Leaders in Asia can nevertheless draw policy lessons from Europe’s recent history. It was, in part, this tragic history of competing nationalisms that led me, as Prime Minister of Australia, to propose an Asia-Pacific Community (APC). When I launched this initiative back in 2008, I stressed that although the great powers of the Asia-Pacific region may live in harmony today, history should remind us not to assume that ‘peace in our time’ can ever be guaranteed. That was seven years ago. And as we all know, security tensions in the region have now become much sharper.

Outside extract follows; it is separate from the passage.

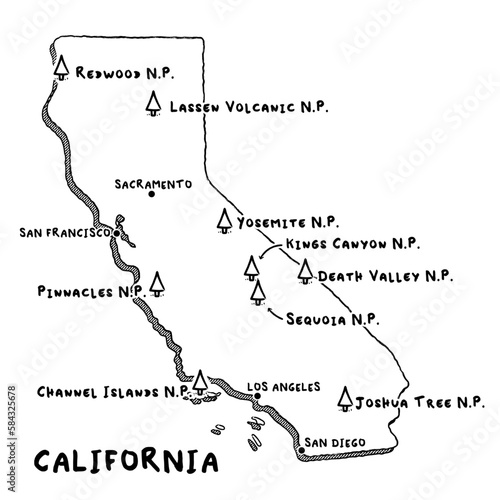 Vector hand drawn map of California CA with main cities and US National Parks. US States USNPs black and white illustrated map. Full vector global color swatch different layer for ease of use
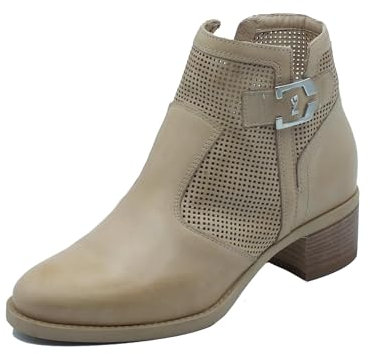 Nero Giardini E409710D Rio Champagne Tronchetti con Tacco Basso Donna Pelle Traforata Lampo (Taglia 38)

An APC would, of course, be significantly different from the original concepts of European co-operation. The Asia-Pacific region itself is vastly different to Europe. The history of 20th century Asia has primarily been a colonial and post-colonial history. By contrast, Europeans over the same period were the colonisers. Europe has evolved the notion of the nation-state steadily since the 15th century, whereas this was less formal across Asia. Further, despite its division into often competing nation-states, and despite the wars of religion, Europe evolved from a common Judeo-Christian and Greco-Roman culture, whereas that is not the case with the vastly different civilisational trajectories of Asia.
“The challenge for Asia-Pacific leaders is to square the circle by recognising the uniqueness of Asian regionalism, while avoiding Europe’s mistakes by drawing pertinent lessons from its history”
We can, however, see the need in both Europe and Asia for the evolution of a common political and security architecture to manage regional tensions. The same idea of a long-term Asia-Pacific Community comes from this premise. An APC would foster deeper inter-dependence over time, together with new habits of transparency, trust and co-operative norms. Such mechanisms could help Asia cope with crises by managing them peacefully and reducing the strategic polarisation we are beginning to see emerge between Washington and Beijing. The concept of an APC could begin with basic confidence and security-building measures between regional states.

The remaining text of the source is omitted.